1. Field of the Invention
The present invention relates to a method for corrosion prevention and re-etching prevention after an etching process, and more specifically to a method for replacing chlorine atoms on a film layer.
2. Description of the Prior Art
Etching processes can be classified into two types, a wet etching process and a dry etching process. In the wet etching process, a chemical solution is used and an objective of etching is achieved via a chemical reaction. The dry etching process is generally a plasma etching. The plasma etching has an etching mechanism which is basically through a physical interaction, and the most advantageous of the plasma etching is an anisotropic etching. The anisotropic etching can have an etching direction of an etching reaction which is perpendicular to an acting surface, and therefore can avoid an undercut occurrence, so this is more suitable for etching requirements of high aspect ratio and assemblies of a cavity width smaller than 2-3 μm (micrometers).

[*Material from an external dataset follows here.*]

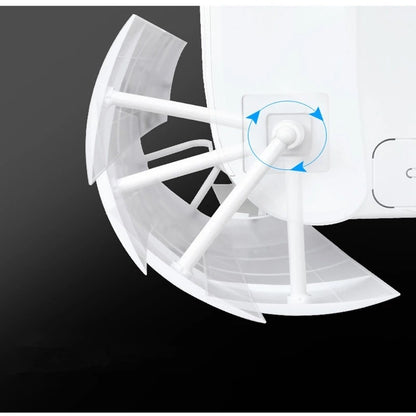 DEFLECTOR AER CONDITIONAT, REGLABIL, PRINDERE VENTUZE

A chloride gas (e.g., chlorine) is utilized as an etching media in the plasma etching process, and the plasma energy is used to drive a reaction. In other words, the chloride gas is dissociated by the plasma process to form chloride ions, and the chloride ions are bombarded on a carrier's surface to achieve an etching process. However, there are chlorine residuals remaining on the carrier's surface after the etching process, and when the carrier is exposed to atmospheric humidity, the chlorine residuals on the carrier's surface may react with absorbed water to form hydrogen chloride, which has corrosive character, thereby corroding the carrier's surface.

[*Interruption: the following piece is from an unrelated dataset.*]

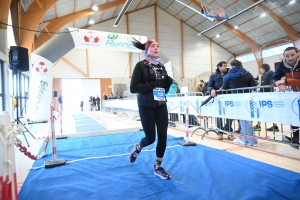 250 coureurs glacés sur le Défi vellave à Monistrol-sur-Loire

Therefore, a process is proposed where the plasma process is combined with an oxygen gas and a fluorine-bearing gas to replace the chloride ions. That is, the oxygen gas and the fluorine-bearing gas (e.g., sulfur hexafluoride) are passed after the plasma etching, as well as ionize the oxygen gas and the fluorine-bearing gas through the plasma process to replace chlorine atoms on the carrier's surface, thereby preventing corrosion on the carrier's surface. There are two possible ways to replace the above-mentioned chlorine atoms, a first replacement is achieved by two elements having high affinity, for example, when a carrier is an aluminum substrate, the chlorine atoms on a surface of the aluminum substrate tend to be replaced by oxygen ions; a second replacement is achieved by replacing a low electronegativity element with a high electronegativity element, for example, when a carrier is a copper substrate, the chlorine atoms on a surface of the copper substrate tend to be replaced by fluorine ions. These replacement phenomena are selectively chosen depending on relationships between various types of elements in a reactive environment. In the process of replacing the chlorine atoms through the plasma process, the above-mentioned fluorine-bearing gas, such as the sulfur hexafluoride, has a volume ratio which is generally one-tenth to one-sixth of the oxygen gas. However, the fluorine ions of the sulfur hexafluoride having the above volume ratio will result in an etching reaction again to occur on the carrier's surface after dissociation, thereby affecting an electric property of a thin film transistor. Therefore, the conventional process where a plasma process is combined with pure oxygen to replace chloride ions is still widely used in prior art (i.e., a time period for a replacement reaction is generally 30 sec to 45 sec).
Therefore, there is a need to provide a method for improving the prior art, so as to prevent a re-etching occurrence in a plasma process.